Knowing the user is essential to approaching a problem and designing potential solutions. To start, I created a provisional persona based on researching the company’s competitors’ and the context of that user.
Design Persona: Defining the Product’s Personality to Emotionally Connect with Users
Creating an emotional connection with a product can pay dividends. For example, a credit card for millennials was introduced to inspire emotional connection saw its use go up 70% and new accounts rise 40%.
How does one systematically imbue a product and its touchpoints with personality to evoke emotion? Aaron Walter, the author of Designing for Emotion recommends a tool he used while heading up UX at MailChimp: the Design Persona. The tool’s goal is to flesh out the design’s personality and how it’s manifested through the visuals, copy, and interaction. It also helps a team create unified and consistent designs.
User Scenario and the Job to Be Done
Nadia is reading PureWow (a blog) on her phone during her lunch break. She reads about Naadam, its mission, and the value of their cashmere.

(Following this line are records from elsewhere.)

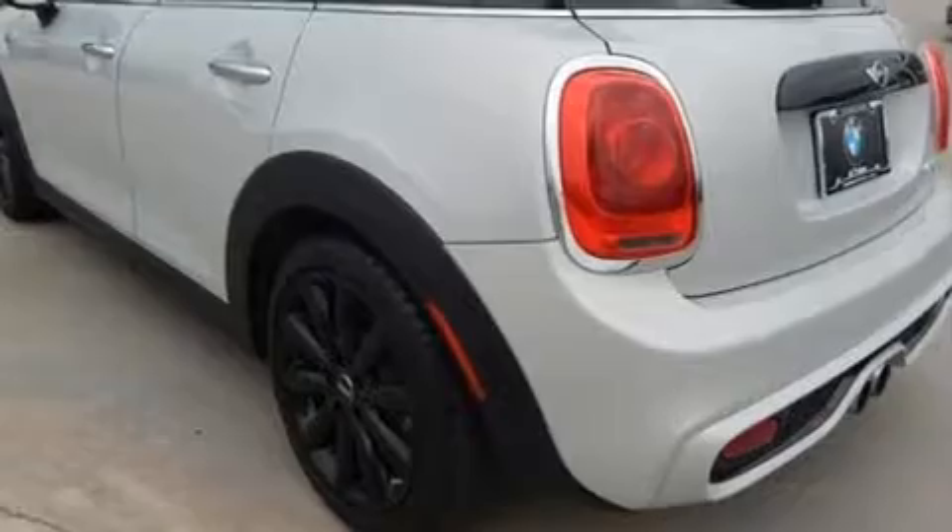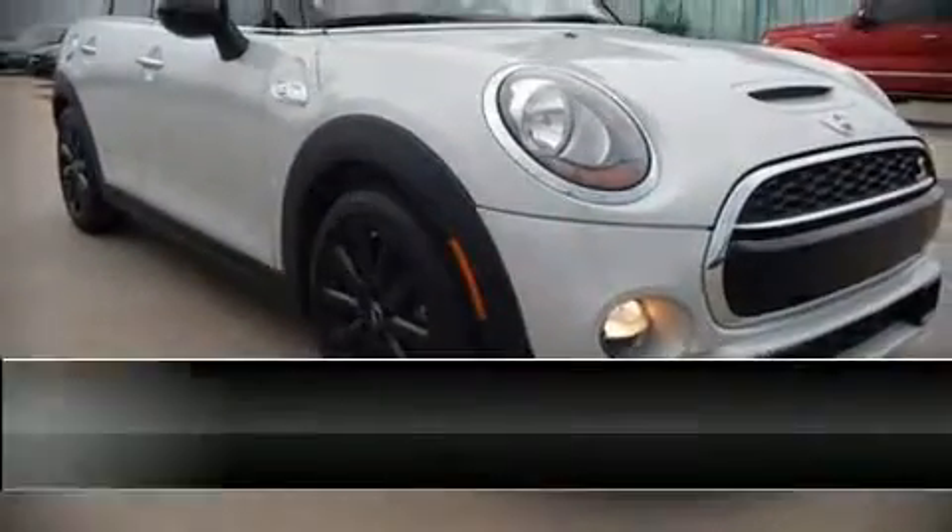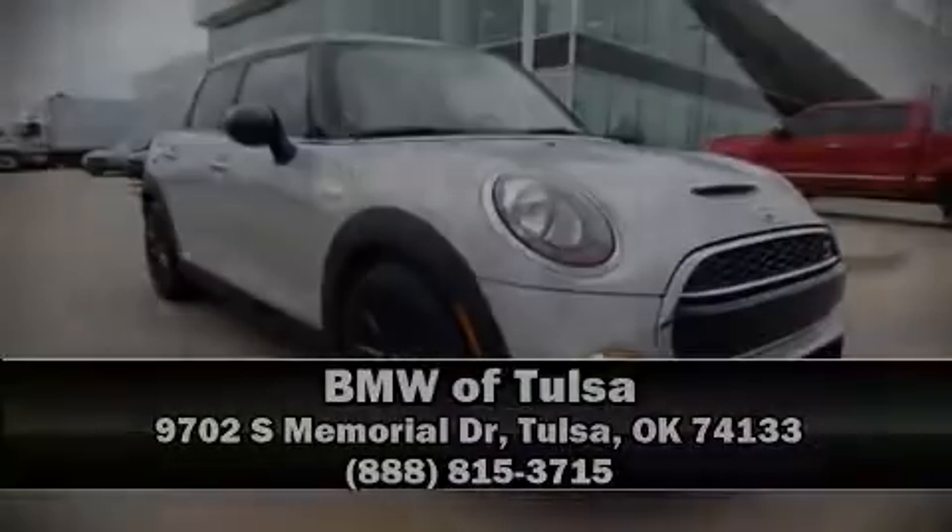It also arrives with a Carfax history report, indicating just one previous owner. Stop by our dealership or give us a call for more information. Visit us at www.max-peak.gov.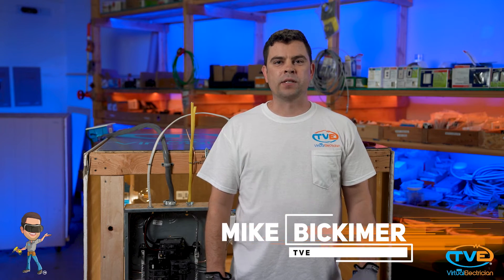Hi, welcome to The Virtual Electrician, TVE, your one-stop shop for do-it-yourself electrical help. Part two of our troubleshooting series, we are going to start with outlets.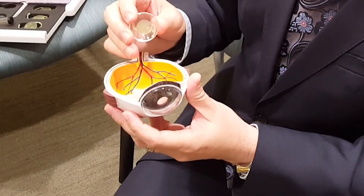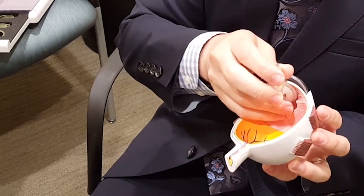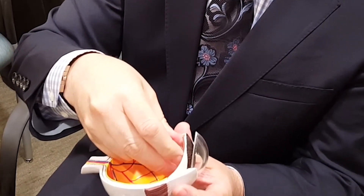Modern cataract surgery is a very elegant 10–15 minute procedure. Most of the anesthesia is actually topical, with just eye drops and with some solutions that we use in and around the eye. What we are doing is replacing the cloudy natural lens with a clear artificial lens implant that sits where our natural lens sits in the eyeball.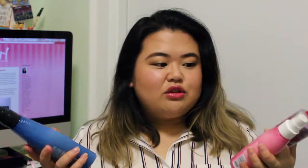I have these three items - they're all a sort of leave-in treatment. Let's start with this one: it's by Redken and it is called their Extreme Anti-Snap Leave-In Treatment for Distressed Hair. Seeing as my hair looks distressed, I thought this would work.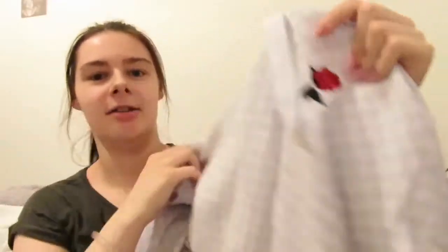I got this hoodie from Vans with a little rose on it. It's from one of their collabs and it set me back a good £60, which is always nice.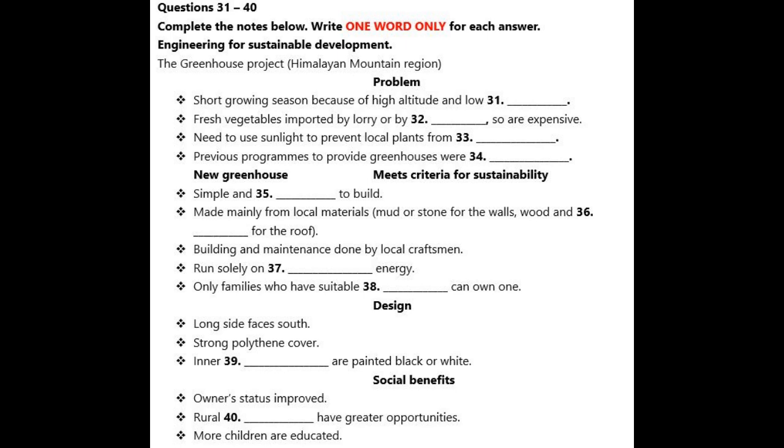I'll turn now to the benefits which have resulted from the introduction of these new greenhouses. These benefits are of various kinds, but for now I'll just mention the social benefits. First of all, people who own a greenhouse gain social standing in their communities, because they provide vegetables for the wider community for regular consumption as well as for festivals, and they also earn income. Secondly, because in rural areas it is women who usually grow the food, the greenhouses have increased their opportunities. They bring the benefits of improved nutrition and increased family income from the sale of surplus produce. And thirdly, as a result of their improved financial position, some families can now afford to educate their children for the first time.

She taps a link that takes her to the women’s collections page. Here she’s able to learn even more about Naadam and decides to check out a travel wrap on the page. She wouldn’t have thought about cashmere since it’s June but it’s thrilled to learn of the travel wrap since it’ll be perfect on the plane for her upcoming trip to Costa Rica. She browses the product description, decides on a color, chooses one wrap and heads to a seamless checkout and payment process.

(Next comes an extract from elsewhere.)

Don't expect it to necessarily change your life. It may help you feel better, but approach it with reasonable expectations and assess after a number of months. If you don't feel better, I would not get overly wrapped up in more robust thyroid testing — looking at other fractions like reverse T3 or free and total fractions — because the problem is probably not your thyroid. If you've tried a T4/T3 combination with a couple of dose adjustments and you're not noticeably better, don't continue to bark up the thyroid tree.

The good feelings about the process extends to her email confirmation that allows her to know when to expect the wrap well before her trip. When she unboxes the product later on, she’s thrilled by the personal note and attention to detail in the packaging. She decides to post a photo of the experience to Instagram and will definitely tell her friends about her new favorite accessory.
Ultimately, the job Nadia is hiring Naadam to do is to make her feel better about herself and the purchases that make up her lifestyle.

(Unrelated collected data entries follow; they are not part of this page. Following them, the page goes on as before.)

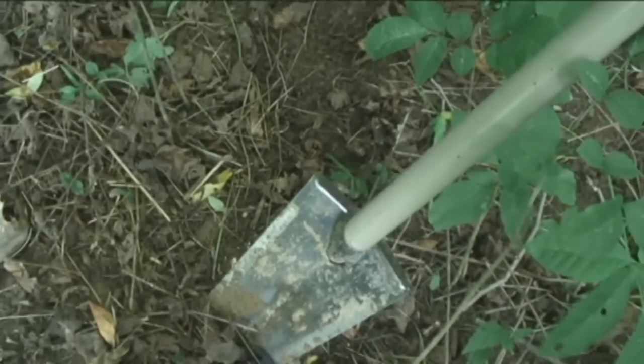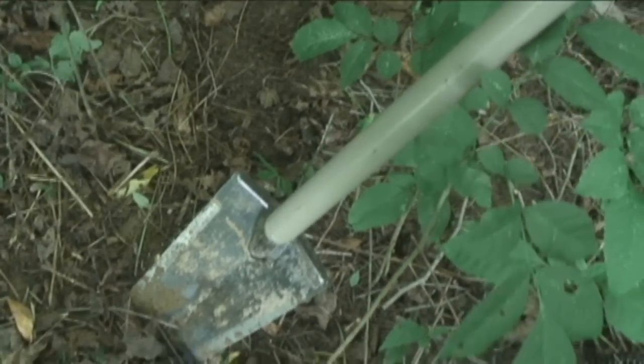Alright, I was getting a pretty good signal right in here. I was reading within a bullet and a buckle, so we're going to see what it is. I've got my model 88 digging tool here from Predator Tools — it's going to cut right through these roots right here. So let's do this.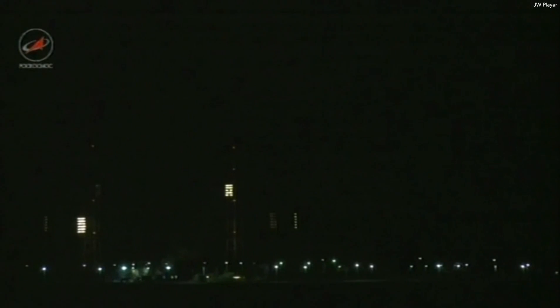As the ILS Proton travels northeasterly downrange from Kazakhstan into Russian territory, our viewers may notice some brief planned time lags on our reporting of key mission milestones, as the telemetry has to be relayed from multiple ground stations.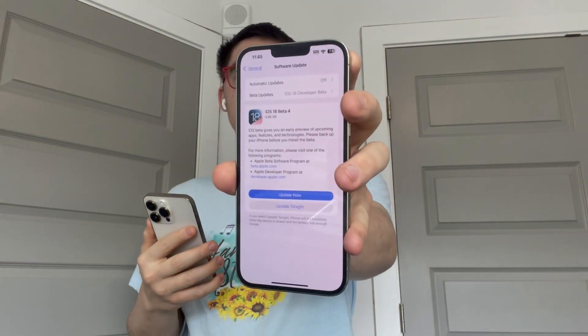Hey guys, Garrett here from iOS Pro. Today, Apple released iOS 18 beta 4 to all developers. It's getting about 6.8 gigabytes. The build number is 22A5316J and there are about eight changes that I found in this beta today. Let's get started.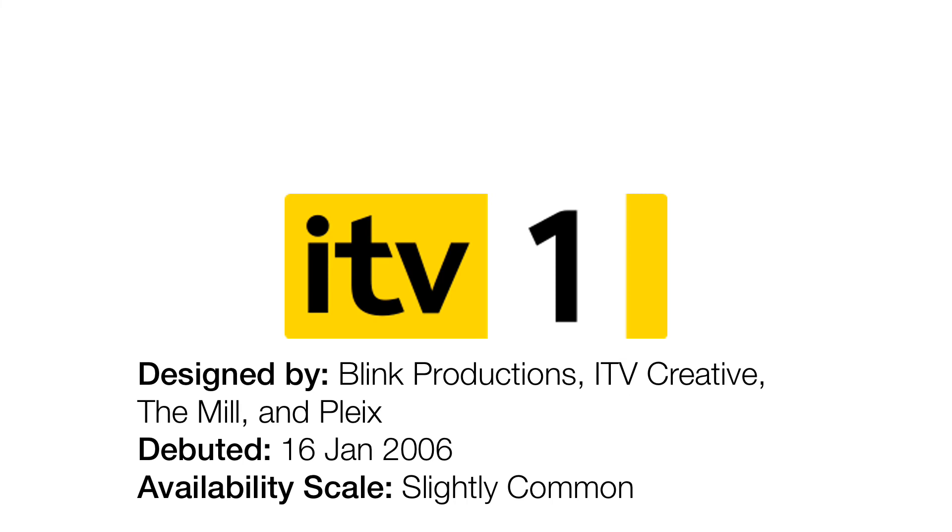2006 to 2010. For some reason, they've changed the ITV text to black instead of white. It would have been done even better if it was black. Anyway, let's move on, shall we?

Developing the Requirements and Sketches
To develop a vocabulary and system distinguishing different cashmere blends, Uniqlo provides useful inspiration. Uniqlo’s success as a company comes down to its focus on fabrics and textiles over diversity in fashion styles. Even within Uniqlo’s HEATTECH line, there are three different product variations. Thinking through this and the user scenario inspired the requirements and select UI sketches.
Designing the Product Vocabulary and Screens
Based on requirements and sketches that came out of reviewing the user scenario and competition, I developed the following wireframes and designs of two key screens most relevant to the challenge.
This is the women’s cashmere collections page, with a recommended distinction between the traditional cashmere one expects to wear in fall and winter (“Pure Cashmere”) and a blended cashmere line to live in during the spring and summer months (“Cool Comfort™).
This is the PDP (Product Description Page) that further educates customers through its usage inspiration imagery and its copy. There are few distractions on the screen to encourage adding items to the shopping cart and then purchases (conversion!). Note I’ve excluded the footer in all screens for now.
I’ve taken the first pass based on what I’ve been able to learn about the users, but the next step would be to get the existing designs and these proposed designs in front of actual users.